LONDON -- Investec (LSE:INVP) -- the South Africa based international specialist bank and asset manager -- is currently down over 4%, despite revealing a 21% increase in its adjusted operating profit in its final results for the year to 31 March 2013.

The biggest growth was seen in the company's wealth & investment business, which recorded an increase in adjusted operating profit of 31%, up to 50.7 million pounds. Specialist banking was close behind, with a rise of 30%, at 224 million pounds, but asset management only managed 4.8%, up to 140 million pounds.

The company reported that its overall results have been adversely affected by a 13% depreciation of the Rand against Sterling over the course of the year. But the company said that a significant drop in impairments enabled its Australian business to return to profitability, and that results from its UK business were "slightly ahead" of the prior year.

Adjusted earnings per share was up just over 28%, at 37 pence, and the board is recommending a final dividend of 10 pence, bringing the full-year dividend to 18 pence, an increase of almost 6%.

Commenting on the results Stephen Koseff, Investec's chief executive officer, said:

I am encouraged by the progress we have made over the past few years in realigning our business model. Our capital light businesses now account for 49% of the group's operating profit, providing a sustainable base for our recurring income. We have continued improving our efficiencies, streamlining our processes, eliminating duplication and building scale, notably in our Specialist Banking businesses. 

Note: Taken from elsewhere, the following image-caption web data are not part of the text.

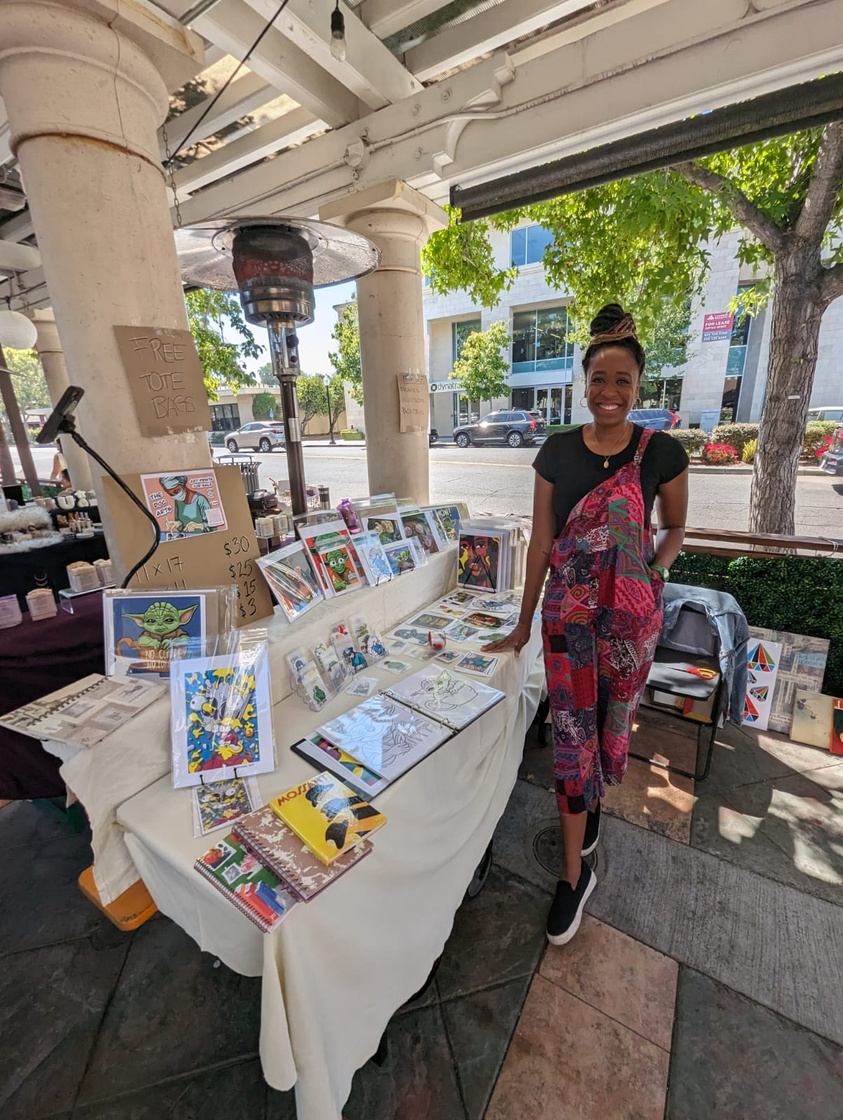 Photo of the artist next to her display of all of her arts at her first vendor event. She is wearing colorful overalls and a black shirt. 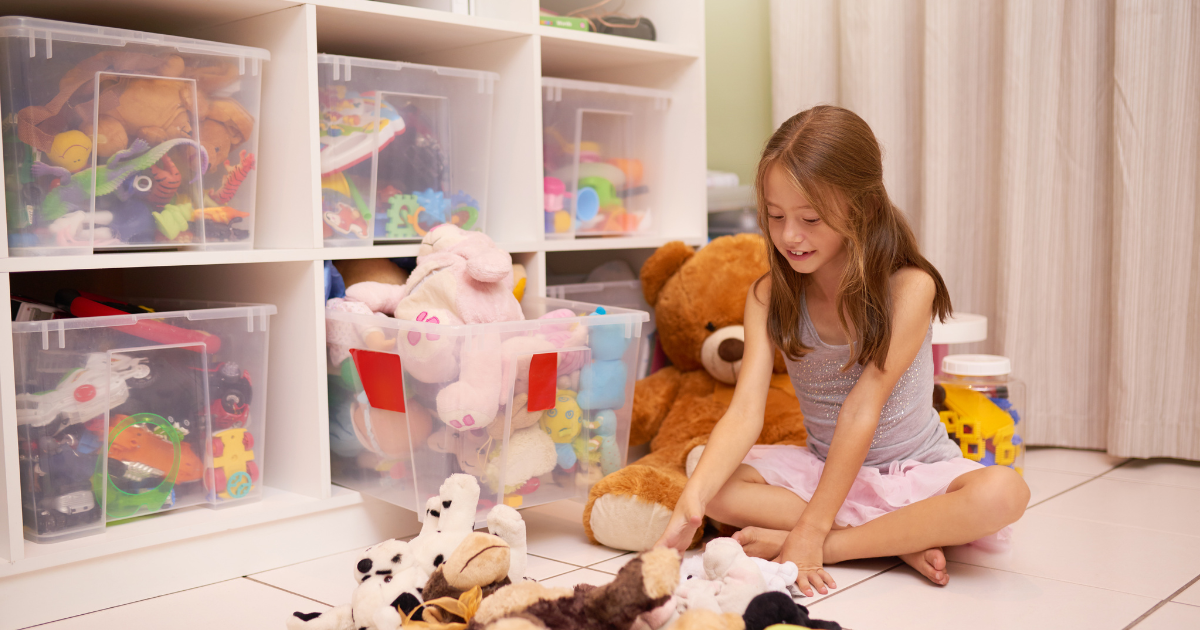 A young girl happily sorts through her toys and stuffed animals in her playroom. She is getting ready for a long distance move and is figuring out which toys to put into storage. 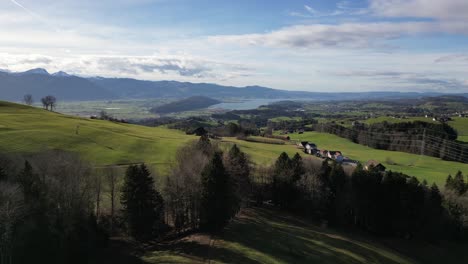 Malerische-Schwenk-Drohnenaufnahme-Eines-Kleinen-Dorfes-Im-Hangtal-Mit-Bergigem-Hintergrund,-Schweiz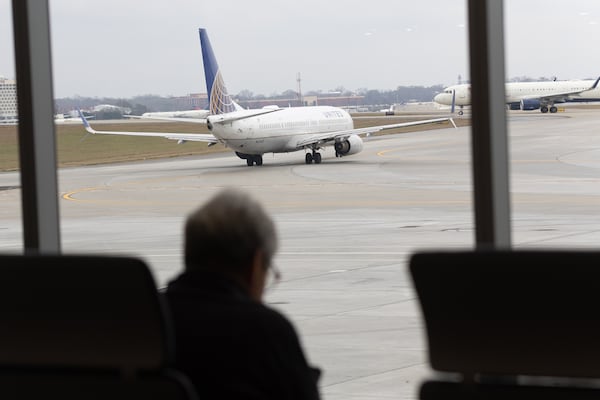   Travelers sit and watch jets depart in the new Concourse T extension at Hartsfield-Jackson Atlanta International Airport Tuesday, December 13, 2022.    (Steve Schaefer/steve.schaefer@ajc.com)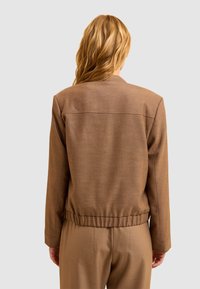 Femme aux cheveux blonds ondulés portant une veste marron et un pantalon assorti, de dos contre un fond gris clair uni.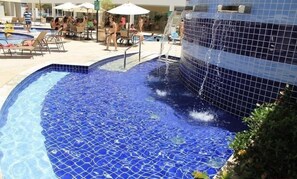 A swimming pool with a blue mosaic tile design, surrounded by lounge chairs and umbrellas.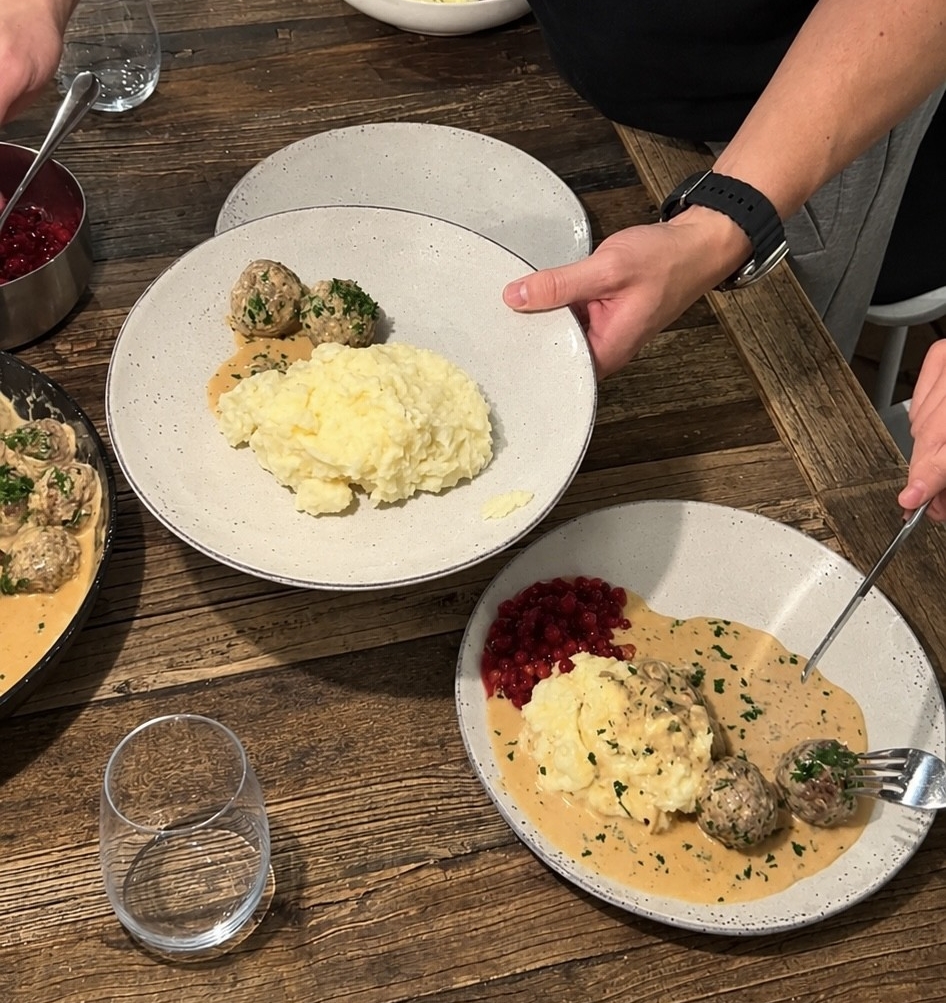 Person serverar svenska köttbullar med potatismos, gräddsås och lingon på ett rustikt träbord.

Maintaining a sound balance sheet while driving growth in our return ratios remains a key focus. Our priority is to ensure each division and geography achieves an appropriate return. The recent improvement in equity markets bodes well for our business and we are well positioned to take advantage of a sustained market upturn.

Shareholders in Investec have enjoyed an increase in share price of just over 60% since this time last year. Better still, they're also getting a dividend yield of around 3.7%, which is forecast to rise to just over 4% in 2014.